─── Data provided

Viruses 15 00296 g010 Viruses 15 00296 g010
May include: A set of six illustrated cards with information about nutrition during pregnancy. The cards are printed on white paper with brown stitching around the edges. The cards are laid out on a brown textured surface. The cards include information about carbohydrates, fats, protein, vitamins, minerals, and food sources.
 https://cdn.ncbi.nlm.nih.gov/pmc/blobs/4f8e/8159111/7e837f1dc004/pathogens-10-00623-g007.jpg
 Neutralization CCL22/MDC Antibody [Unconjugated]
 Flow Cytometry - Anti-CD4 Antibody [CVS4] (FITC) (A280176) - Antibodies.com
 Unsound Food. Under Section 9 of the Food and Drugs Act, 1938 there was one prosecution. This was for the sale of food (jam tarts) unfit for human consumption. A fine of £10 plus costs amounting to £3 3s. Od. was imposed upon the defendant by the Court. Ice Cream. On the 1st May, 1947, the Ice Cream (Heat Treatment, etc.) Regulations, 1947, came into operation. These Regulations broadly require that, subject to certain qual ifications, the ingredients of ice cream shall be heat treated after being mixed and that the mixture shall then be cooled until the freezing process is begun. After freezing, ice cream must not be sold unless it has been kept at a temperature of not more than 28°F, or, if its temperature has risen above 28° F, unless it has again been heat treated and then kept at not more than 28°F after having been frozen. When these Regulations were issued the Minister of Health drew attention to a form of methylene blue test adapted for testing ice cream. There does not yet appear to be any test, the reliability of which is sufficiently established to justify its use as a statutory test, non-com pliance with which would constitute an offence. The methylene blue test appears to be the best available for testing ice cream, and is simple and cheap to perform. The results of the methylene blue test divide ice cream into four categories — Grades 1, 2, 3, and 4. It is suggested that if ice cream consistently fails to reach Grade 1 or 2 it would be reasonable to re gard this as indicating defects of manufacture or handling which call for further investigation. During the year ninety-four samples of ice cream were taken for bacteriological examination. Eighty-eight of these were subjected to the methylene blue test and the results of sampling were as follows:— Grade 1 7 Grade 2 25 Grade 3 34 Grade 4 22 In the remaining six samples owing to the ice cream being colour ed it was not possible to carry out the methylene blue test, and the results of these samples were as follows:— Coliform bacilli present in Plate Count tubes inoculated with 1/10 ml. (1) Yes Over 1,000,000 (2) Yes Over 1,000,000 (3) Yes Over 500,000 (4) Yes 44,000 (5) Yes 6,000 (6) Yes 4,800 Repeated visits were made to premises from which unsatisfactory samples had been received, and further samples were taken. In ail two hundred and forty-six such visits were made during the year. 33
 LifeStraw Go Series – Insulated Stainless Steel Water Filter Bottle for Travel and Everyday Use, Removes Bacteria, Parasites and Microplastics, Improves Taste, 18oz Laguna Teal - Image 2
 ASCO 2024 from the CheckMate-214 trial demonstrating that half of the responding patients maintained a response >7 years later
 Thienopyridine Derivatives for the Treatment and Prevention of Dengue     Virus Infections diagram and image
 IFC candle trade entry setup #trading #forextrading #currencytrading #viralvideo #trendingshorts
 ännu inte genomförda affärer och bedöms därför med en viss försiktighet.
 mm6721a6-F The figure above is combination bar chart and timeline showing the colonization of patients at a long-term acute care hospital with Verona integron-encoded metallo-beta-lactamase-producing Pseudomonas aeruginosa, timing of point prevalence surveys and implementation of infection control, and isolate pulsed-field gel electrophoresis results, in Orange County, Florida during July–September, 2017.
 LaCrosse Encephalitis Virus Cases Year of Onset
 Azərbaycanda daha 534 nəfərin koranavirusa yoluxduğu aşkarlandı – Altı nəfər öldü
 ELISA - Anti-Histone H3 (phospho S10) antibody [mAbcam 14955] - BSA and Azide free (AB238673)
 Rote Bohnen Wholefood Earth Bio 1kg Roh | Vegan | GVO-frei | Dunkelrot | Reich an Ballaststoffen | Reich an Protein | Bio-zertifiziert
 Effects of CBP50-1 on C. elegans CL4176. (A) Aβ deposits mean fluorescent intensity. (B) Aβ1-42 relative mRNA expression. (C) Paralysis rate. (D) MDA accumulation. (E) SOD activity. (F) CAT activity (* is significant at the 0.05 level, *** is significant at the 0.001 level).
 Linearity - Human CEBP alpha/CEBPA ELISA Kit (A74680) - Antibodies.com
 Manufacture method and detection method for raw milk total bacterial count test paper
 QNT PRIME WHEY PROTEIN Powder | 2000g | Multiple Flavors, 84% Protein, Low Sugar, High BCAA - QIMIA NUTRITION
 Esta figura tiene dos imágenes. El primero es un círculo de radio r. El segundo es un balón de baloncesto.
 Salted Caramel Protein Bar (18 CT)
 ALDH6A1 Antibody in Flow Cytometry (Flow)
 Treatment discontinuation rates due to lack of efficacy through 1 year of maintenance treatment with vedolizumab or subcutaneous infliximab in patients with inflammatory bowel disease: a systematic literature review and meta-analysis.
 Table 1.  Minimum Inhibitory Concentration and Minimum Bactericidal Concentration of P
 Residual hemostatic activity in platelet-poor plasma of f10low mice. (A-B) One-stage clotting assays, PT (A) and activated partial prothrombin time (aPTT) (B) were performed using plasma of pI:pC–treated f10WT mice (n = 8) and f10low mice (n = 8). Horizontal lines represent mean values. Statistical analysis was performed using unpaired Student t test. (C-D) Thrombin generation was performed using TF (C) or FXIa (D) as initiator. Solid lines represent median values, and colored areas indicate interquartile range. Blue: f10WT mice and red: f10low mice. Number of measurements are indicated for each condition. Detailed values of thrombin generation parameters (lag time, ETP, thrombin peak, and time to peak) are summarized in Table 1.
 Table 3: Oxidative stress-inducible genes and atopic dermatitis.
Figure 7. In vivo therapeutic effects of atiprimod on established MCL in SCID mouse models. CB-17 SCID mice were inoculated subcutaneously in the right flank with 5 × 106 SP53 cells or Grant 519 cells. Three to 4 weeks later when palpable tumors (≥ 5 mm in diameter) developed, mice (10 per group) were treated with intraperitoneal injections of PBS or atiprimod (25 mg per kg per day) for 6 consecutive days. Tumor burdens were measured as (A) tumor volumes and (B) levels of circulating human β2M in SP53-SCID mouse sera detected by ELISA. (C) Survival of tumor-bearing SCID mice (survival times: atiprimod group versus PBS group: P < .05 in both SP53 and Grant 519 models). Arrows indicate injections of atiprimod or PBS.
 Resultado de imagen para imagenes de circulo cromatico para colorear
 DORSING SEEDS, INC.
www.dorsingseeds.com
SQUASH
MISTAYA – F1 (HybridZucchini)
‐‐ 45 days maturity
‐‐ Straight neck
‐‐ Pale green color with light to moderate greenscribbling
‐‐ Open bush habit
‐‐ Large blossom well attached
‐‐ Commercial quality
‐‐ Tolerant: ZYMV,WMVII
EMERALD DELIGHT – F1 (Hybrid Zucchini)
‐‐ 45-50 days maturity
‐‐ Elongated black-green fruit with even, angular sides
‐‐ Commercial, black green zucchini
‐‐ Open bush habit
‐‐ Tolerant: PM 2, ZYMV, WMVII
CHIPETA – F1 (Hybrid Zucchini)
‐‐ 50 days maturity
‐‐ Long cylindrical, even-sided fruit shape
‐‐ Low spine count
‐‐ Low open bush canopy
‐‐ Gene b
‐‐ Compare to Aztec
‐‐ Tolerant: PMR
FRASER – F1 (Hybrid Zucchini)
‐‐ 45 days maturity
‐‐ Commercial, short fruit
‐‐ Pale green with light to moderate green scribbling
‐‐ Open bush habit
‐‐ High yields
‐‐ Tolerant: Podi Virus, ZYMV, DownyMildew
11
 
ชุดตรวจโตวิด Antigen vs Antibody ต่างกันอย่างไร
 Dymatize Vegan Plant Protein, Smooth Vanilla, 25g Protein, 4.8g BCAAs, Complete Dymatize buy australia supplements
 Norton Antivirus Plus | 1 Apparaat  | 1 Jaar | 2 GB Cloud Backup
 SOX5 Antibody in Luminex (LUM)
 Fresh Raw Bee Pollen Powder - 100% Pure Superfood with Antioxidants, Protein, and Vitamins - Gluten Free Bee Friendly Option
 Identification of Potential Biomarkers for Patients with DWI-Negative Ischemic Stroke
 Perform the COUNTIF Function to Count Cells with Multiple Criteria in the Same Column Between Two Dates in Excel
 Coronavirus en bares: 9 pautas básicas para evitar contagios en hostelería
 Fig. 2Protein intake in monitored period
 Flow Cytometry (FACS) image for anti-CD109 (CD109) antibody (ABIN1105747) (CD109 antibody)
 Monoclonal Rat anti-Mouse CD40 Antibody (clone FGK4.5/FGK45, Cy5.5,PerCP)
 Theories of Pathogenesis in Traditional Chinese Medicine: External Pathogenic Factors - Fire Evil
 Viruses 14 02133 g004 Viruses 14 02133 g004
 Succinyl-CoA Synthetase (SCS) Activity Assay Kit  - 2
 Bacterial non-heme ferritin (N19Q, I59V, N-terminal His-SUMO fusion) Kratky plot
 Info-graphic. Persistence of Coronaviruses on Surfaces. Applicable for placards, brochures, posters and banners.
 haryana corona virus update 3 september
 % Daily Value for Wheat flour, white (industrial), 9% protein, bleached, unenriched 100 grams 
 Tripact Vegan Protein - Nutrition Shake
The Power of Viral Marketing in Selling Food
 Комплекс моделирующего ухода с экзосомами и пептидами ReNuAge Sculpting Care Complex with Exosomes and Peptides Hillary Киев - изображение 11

──────

→ **Required action**
In the entries above, find every line holding the word "moderate" and copy it out.

→ **Written response**
‐‐ Pale green color with light to moderate greenscribbling
‐‐ Pale green with light to moderate green scribbling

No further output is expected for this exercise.